When the first film landed in 2006, it captured fashion publishing at full volume: thick issues, dominant editors, and advertising budgets that could turn a September magazine into a cultural event. That world gave titles like Vogue enormous sway over designers, retailers, and readers. Now, reports indicate the economics behind that influence have deteriorated sharply, with ad pages and the legendary September issue cut roughly in half since the industry’s peak.
Key Facts
- The original film arrived in 2006, when fashion magazines held far more commercial power.
- Reports indicate ad pages have dropped sharply since that period.
- Vogue’s famed September issue has been reduced by about half from its earlier scale.
- The sequel lands amid a much weaker print advertising market.
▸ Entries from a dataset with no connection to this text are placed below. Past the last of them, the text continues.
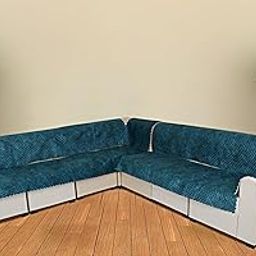 GOLDENIZ l Shape Sofa Cover 7 Seater | Velvet Quilted Anti-Slip Sofa Cover Protector Covers | Sofa Cover for Living Room | Sofa Slipcovers | 4+3 (L-Shape) Quilted Luxe (Ocean Teal)-image-53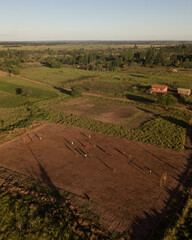 drone view of countryside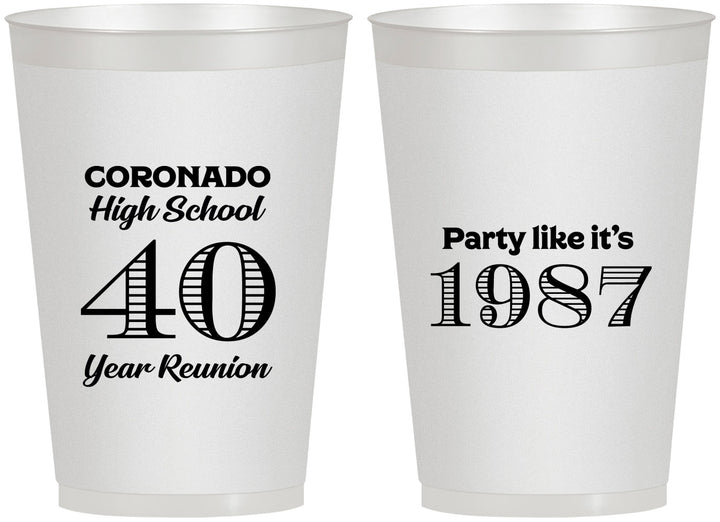 Personalized Class Reunion 12 oz Frosted Cups - Class Of 1987 40 Year | 140008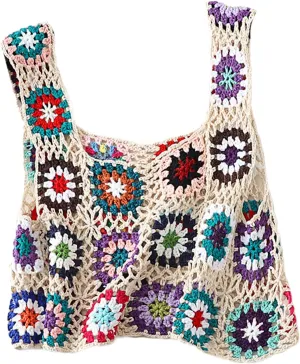 Crochet Tops Women Y2k Knit Vest Tank Top Knitted Daisy Camisole Hollow Out Crochet Crop Tops Summer Clothes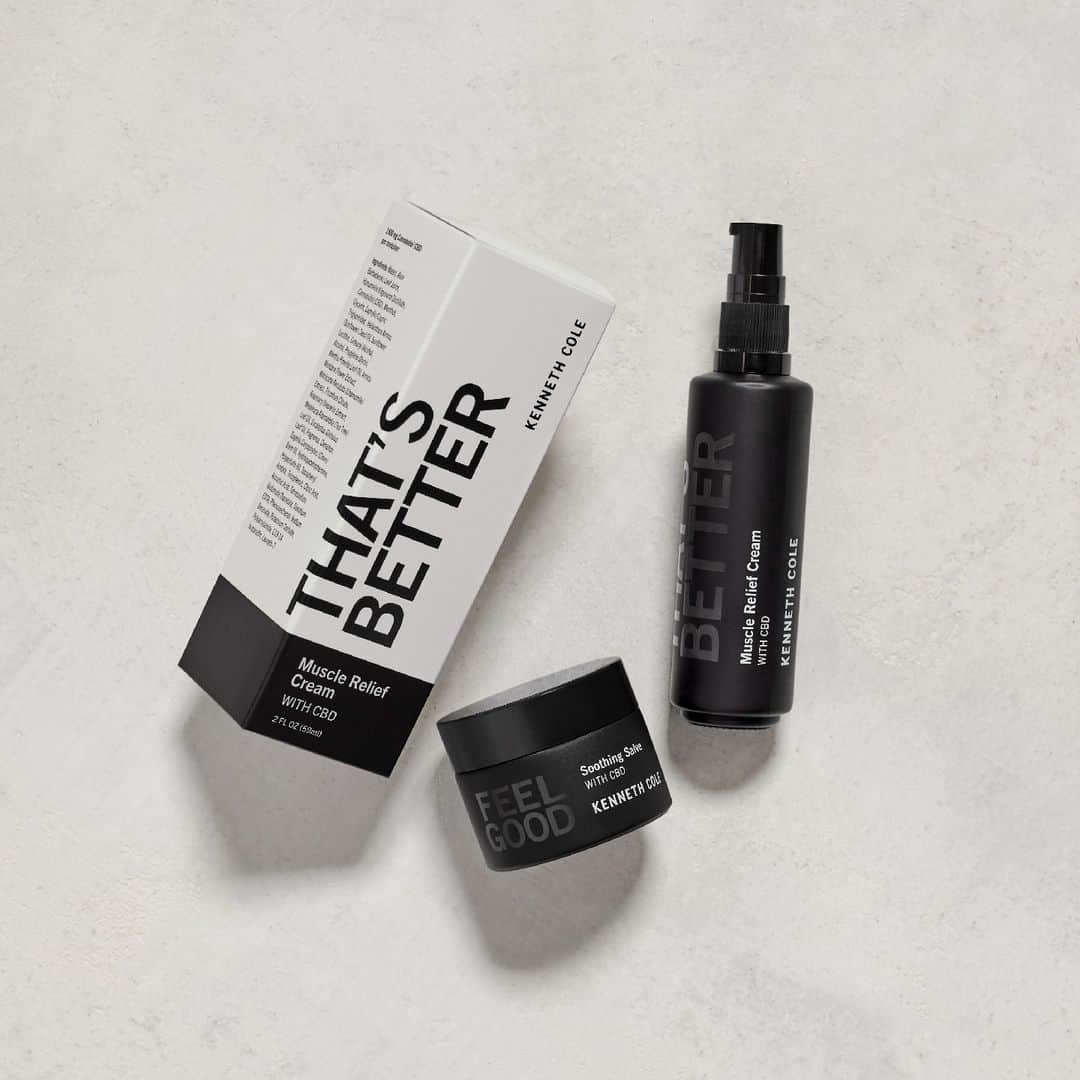 ケネスコールのインスタグラム：「Post-workout soreness or everyday tension, our CBD salve and muscle relief cream are the ultimate tag team for your muscles!   Our CBD duo both contain soothing and anti-inflammatory ingredients like: Menthol Tea Tree Oil Camphor Oil Shea Butter Grapeseed Oil  Peppermint Oil Arnica Extract  Chamomile  Rosemary Extract   Click the link in our bio to shop.   #KennethCole #CBDSkincare #MuscleRelief」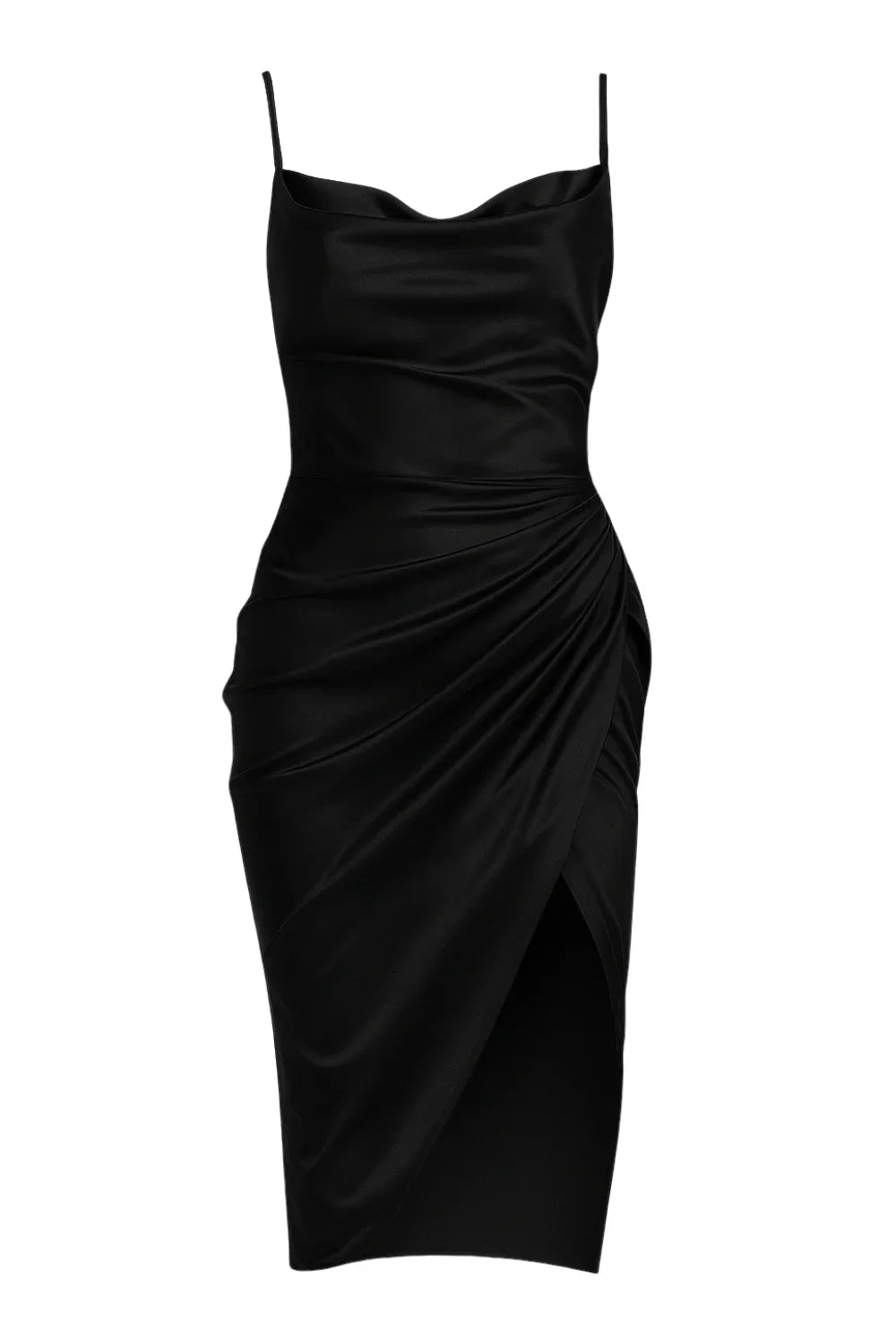Black satin dress with draped design on a white background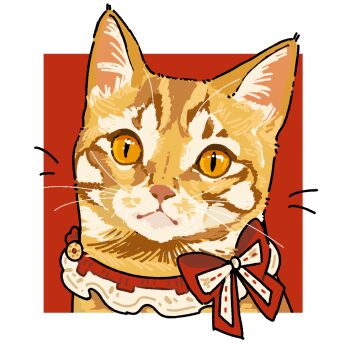 Rule 34 | 7488426568, animal, animal focus, bow, cat, chinese commentary, commentary request, highres, looking at viewer, no humans, orange eyes, original, portrait, realistic, red background, red bow, simple background, solo, tabby cat, transparent background, whiskers, yellow cat, yellow fur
The change matters because magazines did more than sell clothes. They acted as gatekeepers, trend engines, and high-margin ad machines. As digital platforms captured attention and advertisers chased faster, cheaper, and more measurable campaigns, print lost the business model that once justified its size and swagger. The glamour remained visible on covers and red carpets, but the revenue base underneath kept shrinking.
The sequel can resurrect a mood, but it cannot restore the market conditions that made fashion magazines feel untouchable.
That gap between image and reality gives the sequel its sharpest edge. Audiences may still crave the aesthetics of the old magazine world — the authority, the ambition, the elite taste-making — even as the industry itself operates under tighter constraints and weaker leverage. Sources suggest legacy titles still hold prestige, but prestige no longer guarantees the kind of ad-rich dominance that defined the era the first film immortalized.
What happens next will test whether magazine brands can keep converting cultural relevance into durable business. The sequel will likely spark nostalgia for a vanished peak, but it also throws a harder question into view: in an age ruled by platforms and fragmented attention, can legacy fashion media remain powerful institutions, or only elegant symbols of a richer past?